Trattato di Maastricht, è ora di modificarlo?
Il Trattato di Maastricht, firmato il 7 febbraio 1992 nell’omonima città olandese ed entrato in vigore il 1° novembre 1993, è uno degli accordi più importanti nella storia dell’Unione europea (UE). Infatti, quel trattato riformò profondamente la Comunità europea (CE) attraverso l’istituzione di un’unione politica e il rafforzamento dell’integrazione economica con la creazione dell’Unione economica e monetaria (UEM).
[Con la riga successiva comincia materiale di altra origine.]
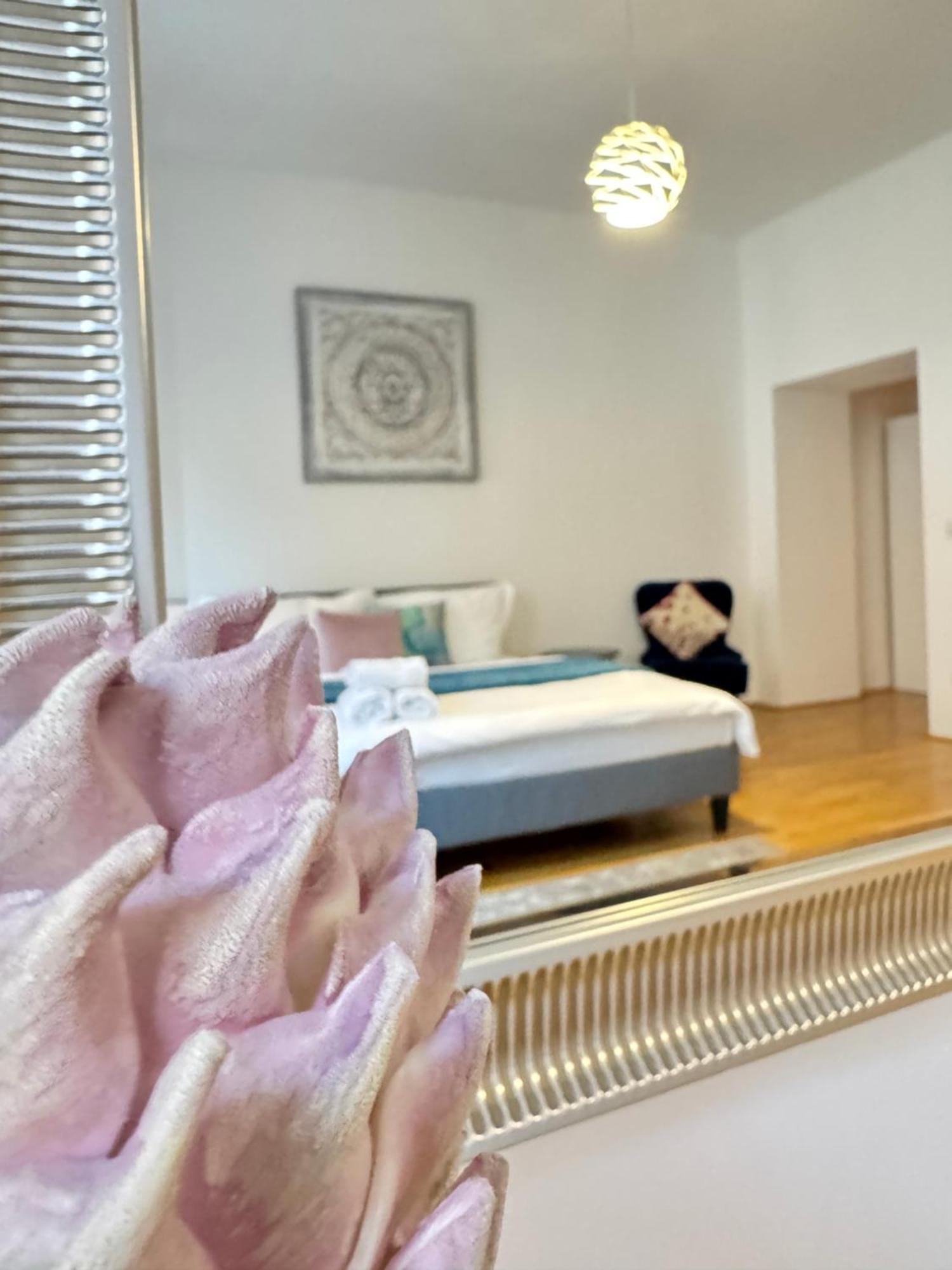 Charming Flat & Balcony Near Central Station L Bg5 Viena Exterior foto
Il Trattato di Maastricht sancì anche la nascita del cosiddetto secondo pilastro, quello della politica estera e di sicurezza comune, ed il terzo pilastro, quello della cooperazione nell’ambito della giustizia e affari interni. Il Parlamento europeo vide accrescere i suoi poteri. Il Trattato di Maastricht è, però, ricordato soprattutto per aver sancito il famoso 3% del rapporto deficit/PIL (prodotto interno lordo).
Eppure, resta spesso in secondo piano l’aspetto geopolitico del Trattato di Maastricht, che consentì un nuovo equilibrio in Europa dopo la fine della guerra fredda, con l’ingresso della Germania unificata nell’UE. Con l’UEM, la Germania rinunciava alla sua moneta, il marco, e tranquillizzava la Francia riguardo alla volontà di potenza del Paese, che sarebbe così stata canalizzata nella gestione sovranazionale della moneta. L’abbandono del marco convinse la Francia a cedere alla Germania il ruolo propulsore nella progettazione dell’UEM, basata su indici macroeconomici che rendessero la nuova moneta, l’euro, solido come lo ero stato il marco tedesco. Per l’Italia, invece, l’UEM fu un’occasione per ridefinire le proprie politiche economiche, che fino ad allora erano state fin troppo allegre, imponendosi un vincolo esterno con l’UEM.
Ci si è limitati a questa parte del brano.